▸ Action item
Write each entry out once more, please, precisely as shown.
───── Listed records ─────
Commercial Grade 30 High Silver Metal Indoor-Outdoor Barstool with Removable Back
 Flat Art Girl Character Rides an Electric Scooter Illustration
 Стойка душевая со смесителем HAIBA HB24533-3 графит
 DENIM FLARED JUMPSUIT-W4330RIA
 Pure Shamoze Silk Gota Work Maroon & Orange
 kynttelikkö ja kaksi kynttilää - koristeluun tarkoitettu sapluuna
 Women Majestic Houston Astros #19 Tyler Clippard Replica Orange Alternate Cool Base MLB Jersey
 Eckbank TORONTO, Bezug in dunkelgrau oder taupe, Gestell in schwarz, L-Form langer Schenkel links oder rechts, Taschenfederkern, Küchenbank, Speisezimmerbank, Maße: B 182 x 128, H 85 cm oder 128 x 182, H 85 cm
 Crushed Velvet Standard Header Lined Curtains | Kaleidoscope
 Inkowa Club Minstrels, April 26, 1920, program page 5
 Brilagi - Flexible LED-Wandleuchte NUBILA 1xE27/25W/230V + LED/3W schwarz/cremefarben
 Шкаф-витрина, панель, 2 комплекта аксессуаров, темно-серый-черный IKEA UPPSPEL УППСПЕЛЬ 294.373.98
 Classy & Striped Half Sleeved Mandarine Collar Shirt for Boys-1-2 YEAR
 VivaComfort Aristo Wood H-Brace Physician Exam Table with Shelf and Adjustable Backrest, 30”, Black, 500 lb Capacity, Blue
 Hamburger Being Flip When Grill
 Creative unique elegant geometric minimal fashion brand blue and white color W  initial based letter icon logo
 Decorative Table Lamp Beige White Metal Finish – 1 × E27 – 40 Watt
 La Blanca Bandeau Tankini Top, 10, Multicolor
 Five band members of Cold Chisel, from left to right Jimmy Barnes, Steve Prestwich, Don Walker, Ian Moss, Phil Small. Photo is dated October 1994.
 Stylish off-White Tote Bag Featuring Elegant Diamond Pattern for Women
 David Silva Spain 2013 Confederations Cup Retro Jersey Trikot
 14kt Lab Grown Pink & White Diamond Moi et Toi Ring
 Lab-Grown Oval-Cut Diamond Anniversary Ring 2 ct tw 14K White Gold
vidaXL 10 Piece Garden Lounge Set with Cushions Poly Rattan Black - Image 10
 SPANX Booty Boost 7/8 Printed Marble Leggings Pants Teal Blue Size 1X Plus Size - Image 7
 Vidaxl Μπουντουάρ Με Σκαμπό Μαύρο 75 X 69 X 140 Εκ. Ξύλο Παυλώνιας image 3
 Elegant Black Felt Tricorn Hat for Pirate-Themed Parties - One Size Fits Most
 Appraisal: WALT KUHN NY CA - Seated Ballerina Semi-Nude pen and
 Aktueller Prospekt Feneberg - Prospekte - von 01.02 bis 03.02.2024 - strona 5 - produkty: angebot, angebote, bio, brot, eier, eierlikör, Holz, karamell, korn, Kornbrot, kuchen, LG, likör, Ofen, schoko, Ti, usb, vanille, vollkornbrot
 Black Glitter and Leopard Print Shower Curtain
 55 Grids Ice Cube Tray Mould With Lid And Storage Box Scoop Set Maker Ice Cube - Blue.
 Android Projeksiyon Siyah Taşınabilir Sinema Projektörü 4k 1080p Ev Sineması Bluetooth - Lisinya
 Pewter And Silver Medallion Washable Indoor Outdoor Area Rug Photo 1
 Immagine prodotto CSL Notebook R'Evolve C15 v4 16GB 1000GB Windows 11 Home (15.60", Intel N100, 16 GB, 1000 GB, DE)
─────
▸ Solution for this task
Commercial Grade 30 High Silver Metal Indoor-Outdoor Barstool with Removable Back
 Flat Art Girl Character Rides an Electric Scooter Illustration
 Стойка душевая со смесителем HAIBA HB24533-3 графит
 DENIM FLARED JUMPSUIT-W4330RIA
 Pure Shamoze Silk Gota Work Maroon & Orange
 kynttelikkö ja kaksi kynttilää - koristeluun tarkoitettu sapluuna
 Women Majestic Houston Astros #19 Tyler Clippard Replica Orange Alternate Cool Base MLB Jersey
 Eckbank TORONTO, Bezug in dunkelgrau oder taupe, Gestell in schwarz, L-Form langer Schenkel links oder rechts, Taschenfederkern, Küchenbank, Speisezimmerbank, Maße: B 182 x 128, H 85 cm oder 128 x 182, H 85 cm
 Crushed Velvet Standard Header Lined Curtains | Kaleidoscope
 Inkowa Club Minstrels, April 26, 1920, program page 5
 Brilagi - Flexible LED-Wandleuchte NUBILA 1xE27/25W/230V + LED/3W schwarz/cremefarben
 Шкаф-витрина, панель, 2 комплекта аксессуаров, темно-серый-черный IKEA UPPSPEL УППСПЕЛЬ 294.373.98
 Classy & Striped Half Sleeved Mandarine Collar Shirt for Boys-1-2 YEAR
 VivaComfort Aristo Wood H-Brace Physician Exam Table with Shelf and Adjustable Backrest, 30”, Black, 500 lb Capacity, Blue
 Hamburger Being Flip When Grill
 Creative unique elegant geometric minimal fashion brand blue and white color W  initial based letter icon logo
 Decorative Table Lamp Beige White Metal Finish – 1 × E27 – 40 Watt
 La Blanca Bandeau Tankini Top, 10, Multicolor
 Five band members of Cold Chisel, from left to right Jimmy Barnes, Steve Prestwich, Don Walker, Ian Moss, Phil Small. Photo is dated October 1994.
 Stylish off-White Tote Bag Featuring Elegant Diamond Pattern for Women
 David Silva Spain 2013 Confederations Cup Retro Jersey Trikot
 14kt Lab Grown Pink & White Diamond Moi et Toi Ring
 Lab-Grown Oval-Cut Diamond Anniversary Ring 2 ct tw 14K White Gold
vidaXL 10 Piece Garden Lounge Set with Cushions Poly Rattan Black - Image 10
 SPANX Booty Boost 7/8 Printed Marble Leggings Pants Teal Blue Size 1X Plus Size - Image 7
 Vidaxl Μπουντουάρ Με Σκαμπό Μαύρο 75 X 69 X 140 Εκ. Ξύλο Παυλώνιας image 3
 Elegant Black Felt Tricorn Hat for Pirate-Themed Parties - One Size Fits Most
 Appraisal: WALT KUHN NY CA - Seated Ballerina Semi-Nude pen and
 Aktueller Prospekt Feneberg - Prospekte - von 01.02 bis 03.02.2024 - strona 5 - produkty: angebot, angebote, bio, brot, eier, eierlikör, Holz, karamell, korn, Kornbrot, kuchen, LG, likör, Ofen, schoko, Ti, usb, vanille, vollkornbrot
 Black Glitter and Leopard Print Shower Curtain
 55 Grids Ice Cube Tray Mould With Lid And Storage Box Scoop Set Maker Ice Cube - Blue.
 Android Projeksiyon Siyah Taşınabilir Sinema Projektörü 4k 1080p Ev Sineması Bluetooth - Lisinya
 Pewter And Silver Medallion Washable Indoor Outdoor Area Rug Photo 1
 Immagine prodotto CSL Notebook R'Evolve C15 v4 16GB 1000GB Windows 11 Home (15.60", Intel N100, 16 GB, 1000 GB, DE)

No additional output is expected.